Kapan Turunnya Lailatul Qadar?
Lailatul Qadar memang turun pada bulan suci Ramadan. Setiap umat Islam tentu mengharapkan bisa bersua malam diturunkannya kitab suci Alquran tersebut. Salah satu alasannya, karena umat Islam yang berdoa pada malam lailatul qadar, maka permohonan doanya akan dikabulkan oleh Allah Swt. Namun, tentang kapan waktu turunnya, tidak ada yang dapat memastikannya. Apakah turun pada awal Ramadan, pertengahan Ramadan, atau di malam-malam menjelang berakhirnya Ramadan? Yang jelas, para ulama berbeda pendapat tentang pada hari ke berapa turunnya lailatul qadar. Perbedaan tersebut tentu bukan untuk diperdebatkan. Tapi justru menjadi semacam keberkahan tersendiri bagi kita, karena kita bisa mempersiapkan diri untuk menyambut datangnya lailatul qadar.
Ustadz Abdul Wahab Ahmad dalam tulisannya (NU Online, 26/05/2019) menjelaskan, sebagian ulama, yakni Utsman bin Abi al-Ash dan Hasan al-Bashri dan sebagian Syafi’iyah menyatakan bahwa yang paling bisa diharapkan adalah sepuluh hari kedua bulan Ramadan. Sementara mayoritas ulama mengatakan, yang paling bisa diharapkan adalah tanggal ganjil di sepuluh malam terakhir. Menurut Ibnu Hajar al-Asqalani, ini adalah pendapat terkuat (Ibnu Hajar, Fath al-Bary, IV, 263). Ada sebuah hadis yang diriwayatkan oleh Bukhari, Rasulullah Saw. bersabda, “Carilah lailatul qadar di malam ganjil di sepuluh malam terakhir bulan Ramadan.”
Tidak Sekadar Membaca
Melakukan ‘tadarus’ atau membaca Alquran, memang sangat baik dan bernilai pahala di sisi-Nya. Namun, alangkah lebih baik bila kita tidak hanya sekadar membacanya secara bergantian saja. Melainkan juga mengkaji makna yang terkandung di dalamnya. Setelah mengetahui maknanya, lantas kita berusaha mengamalkannya dalam kehidupan sehari-hari.

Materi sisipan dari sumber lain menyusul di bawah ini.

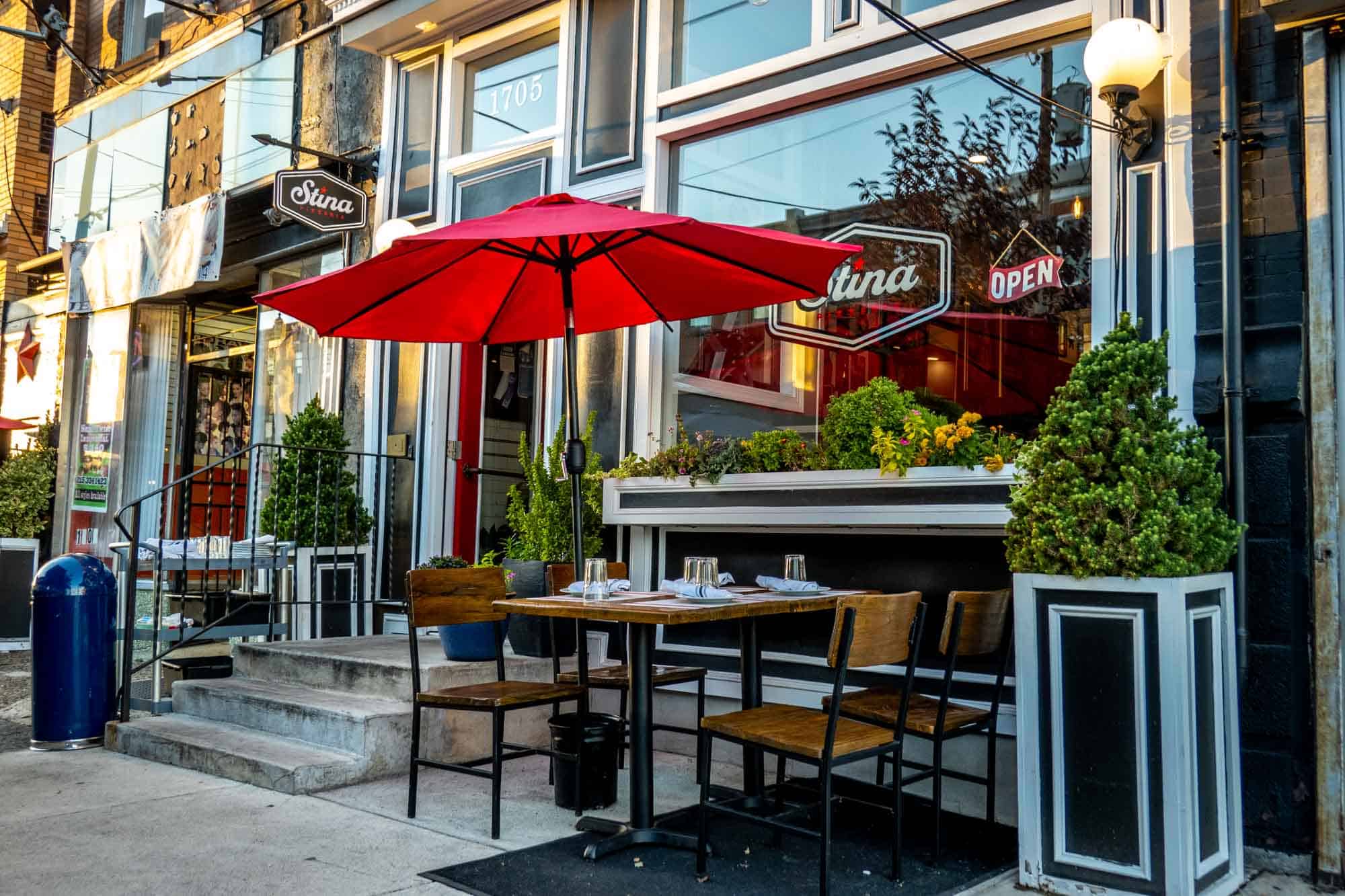 Outdoor table with umbrella at pizzeria Stina in South Philly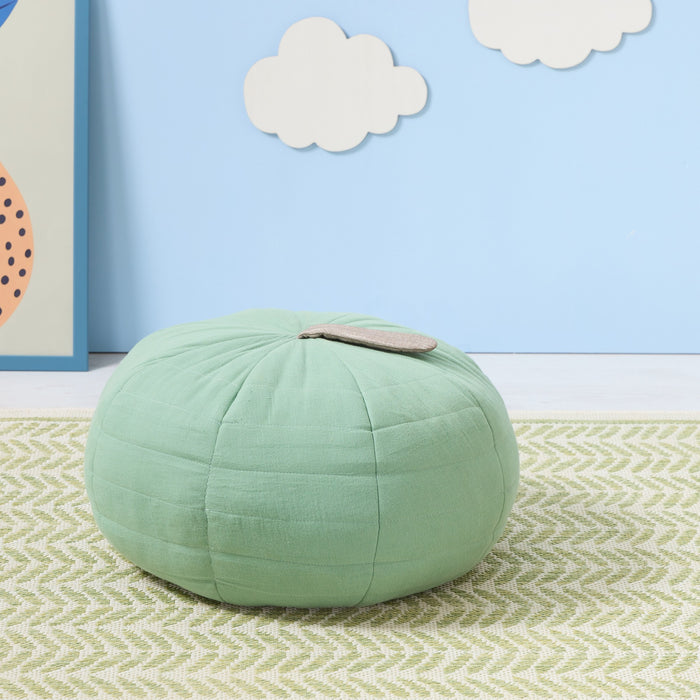 Soft Muslin Apple Cushion styled in a bright nursery space, adding playful charm and soft texture to the room’s décor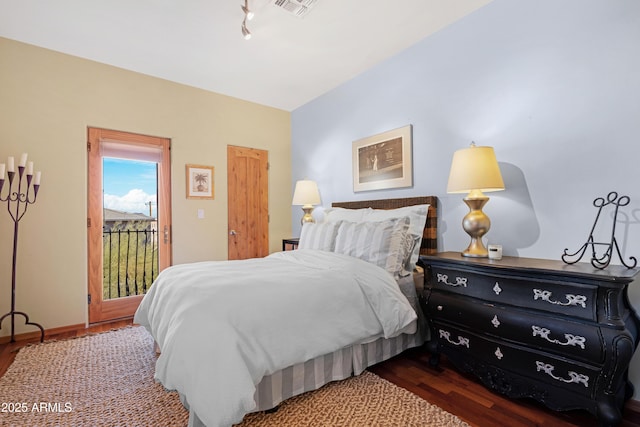 bedroom with dark hardwood / wood-style floors and access to outside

Terkait betapa pentingnya memahami isi atau kandungan Alquran, Achmad Chodjim (Serambi, 2013) memberikan saran, sudah waktunya tadarus dilaksanakan sebagai upaya untuk memahami isi Alquran. Tadarus tidak lagi dilakukan hanya dengan membaca Alquran secara bergiliran. Karena bila kita hanya membaca Alquran tanpa memahami isinya, maka manfaatnya bagi pembangunan umat tak akan bisa dirasakan. Menurut Achmad Chodjim, zaman sekarang, tadarus yang hanya berfungsi menyemarakkan malam hari di bulan Ramadan, sama artinya dengan membuang-buang waktu dan energi.

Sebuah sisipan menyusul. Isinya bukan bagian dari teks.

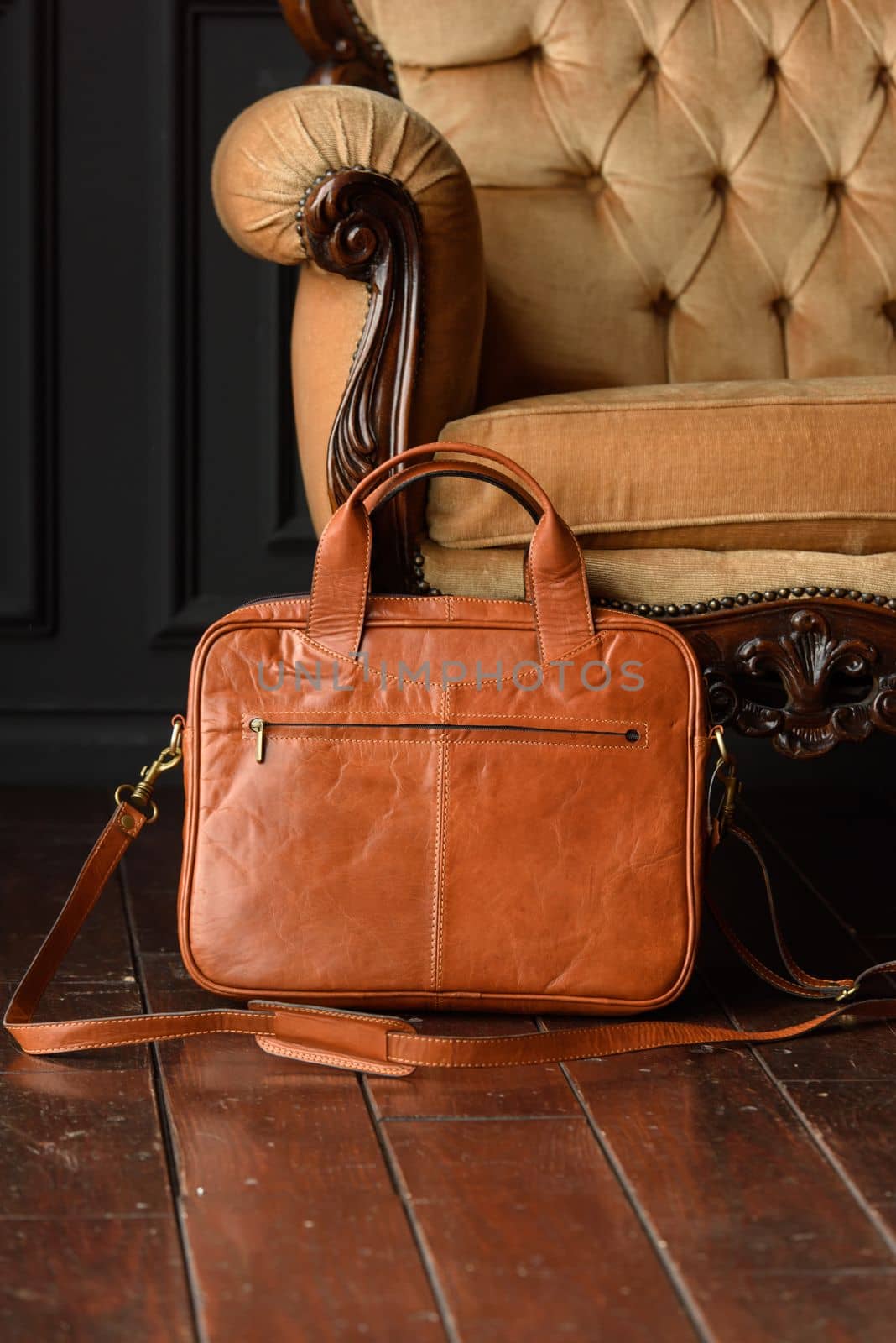 close-up photo of orange leather bag corporate. Indoor photo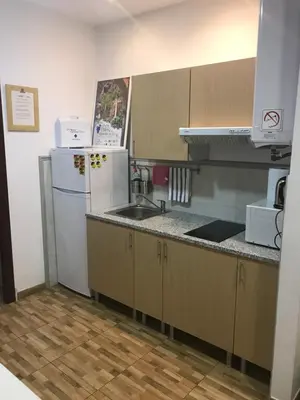 Una cocina o zona de cocina en CASA SUR APARCAMIENTO GRATIS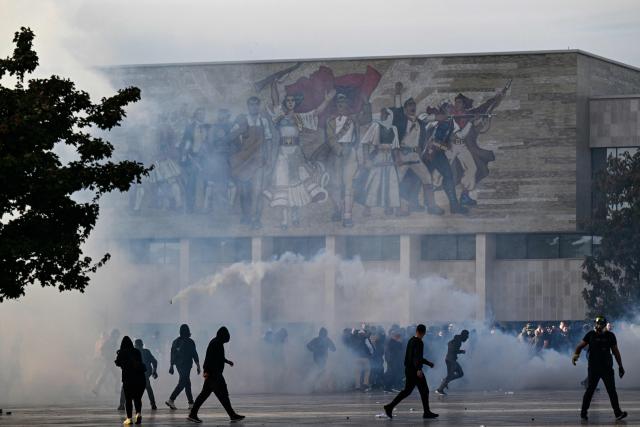 Protesters clash with riot police during a national anti-government demonstration - called by the student-led protest movement to demand better support for education and prime minister's resignation, in central Tirana on October 24, 2026. (Photo by Armend NIMANI / AFP)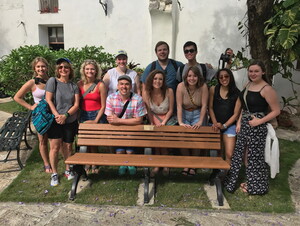 Students gather around a bench that was donated by former First Lady Michelle Obama during her visit to Cuba in 2015.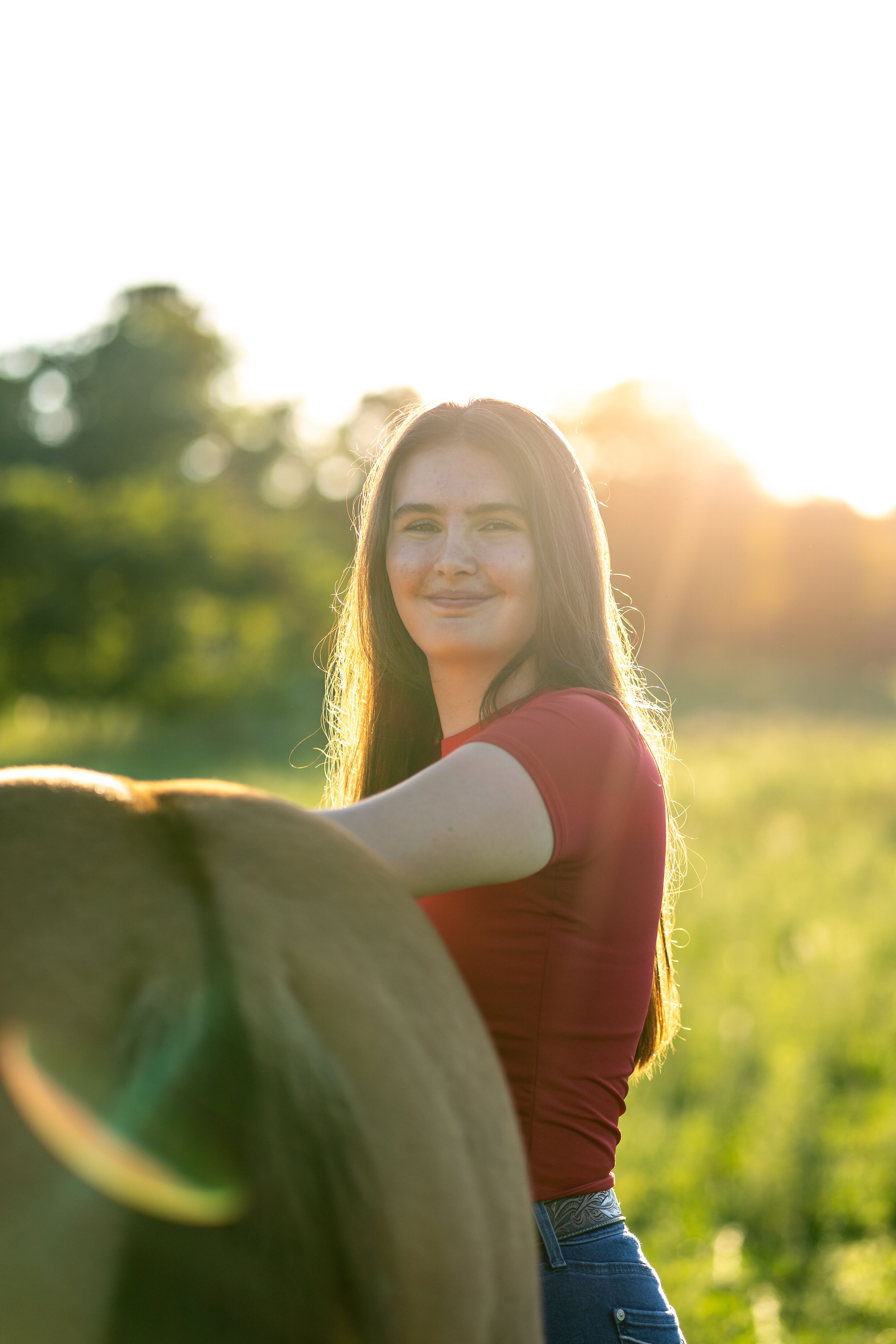 A golden backlit portrait in a field during sunset capturing a joyful summer mood.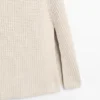 Cape en tricot avec fentes Cape en tricot avec fentes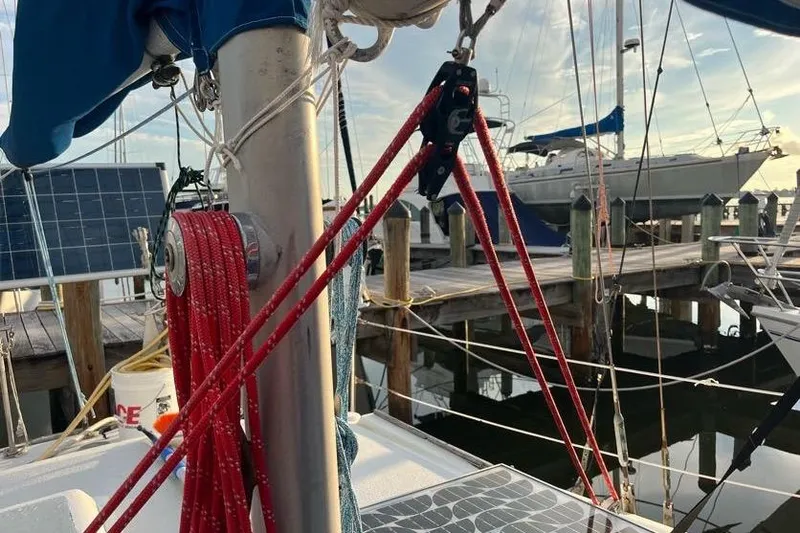 Slide: The Image of 1978 Morgan 415 sailboat at dock with red ropes and solar panels. - 7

Saya tentu sangat sepakat dengan pendapat Achmad Chodjim terkait ‘tadarus’ di bulan Ramadan dengan merenungi atau menyelami maknanya. Namun saya tidak sepakat jika tadarus dianggap sebuah kesia-siaan bahkan hanya membuang-buang waktu dan energi hanya gara-gara tidak disertai dengan merenungi makna yang terkandung di dalam kitab suci Alquran. Karena apa pun alasannya, membaca Alquran itu termasuk amal ibadah dan bernilai pahala di sisi-Nya. Meski esensi dan pahalanya akan jauh lebih banyak bila kita membacanya dengan disertai merenungi maknanya.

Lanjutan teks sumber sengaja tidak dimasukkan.